Syllabus
Course
NANO 181/281 Data Science in Materials Science (4)
Description
To provide a comprehensive introduction to the application of data science to materials science.
Prerequisites
Consent of Instructor
Textbook, Required Materials:
- The Elements of Statistical Learning: Data Mining, Inference, and Prediction, Second Edition [Free]
- Python Data Science Handbook [Free]
Class/Laboratory Schedule
Two 80-minute lectures per week and three computational laboratory sessions
Course Topics
- Introduction to Data Science in Materials Science
- Python for Data Science
- Linear Methods for Regression
- Ordinary least squares
- Subset selection
- Regularization and Shrinkage
- Derived input directions
- Extending linear methods
- Transformations of inputs
- Piece-wise polynomials
- Basis expansion
- Linear Methods for Classification
- Discriminant Analysis
- Logistic regression
- Unsupervised learning
- Principal Component Analysis
- K-means
- Hierarchical and density-based clustering
- Kernel regression
- k nearest neighbor
- Kernel density estimation and classification
- Trees
- Decision trees
- Ensemble of trees
- Neural networks
Course Objectives
- To provide students with a foundation in data science techniques, with practical examples rooted in materials science domain applications.

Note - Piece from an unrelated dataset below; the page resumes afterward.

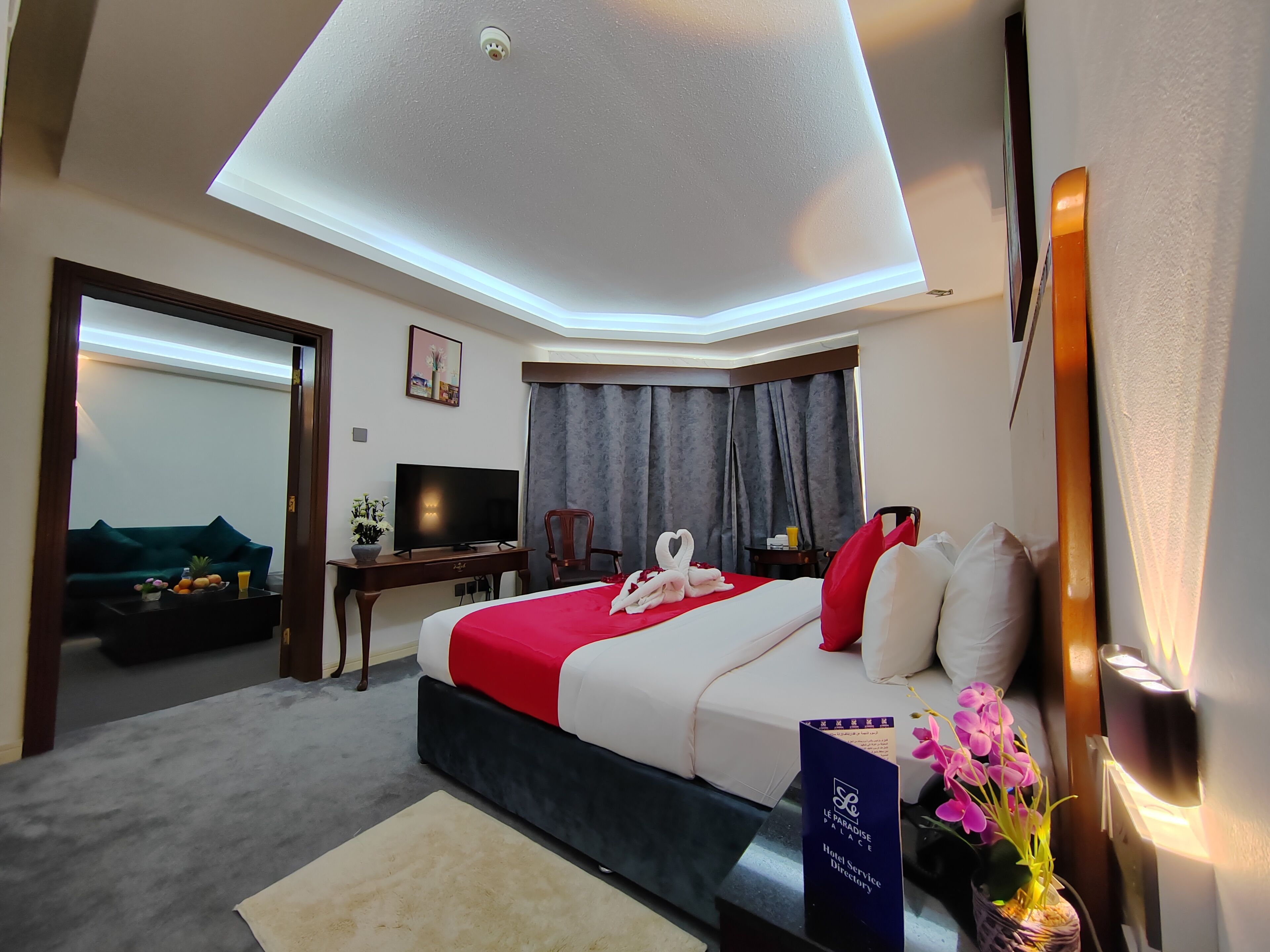 Memory foam beds, minibar, in-room safe, desk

- To provide hands-on experience in the use of the Python programming language for data science
- To inculcate best practices in developing and interpreting machine learning models for materials property predictions.
Methods of Evaluation
- Jupyter notebook reports of three hands-on laboratory sessions
Performance Criteria
Objective 1: (basic engineering knowledge and applications)
1.1 Understand the fundamentals of data science methods.
1.2 Understand the successes and limitations of each method, and the tradeoff between accuracy and cost.
1.3 Understand how to derive material and nano-scale properties from first principles calculations.
Objective 2: (methods and problem solving)
2.1 Choosing the most appropriate data science method for a particular application.
2.2 Ability to effectively manage and analyze large materials datasets.
2.3 Best practices in construction and evaluation of machine learning models.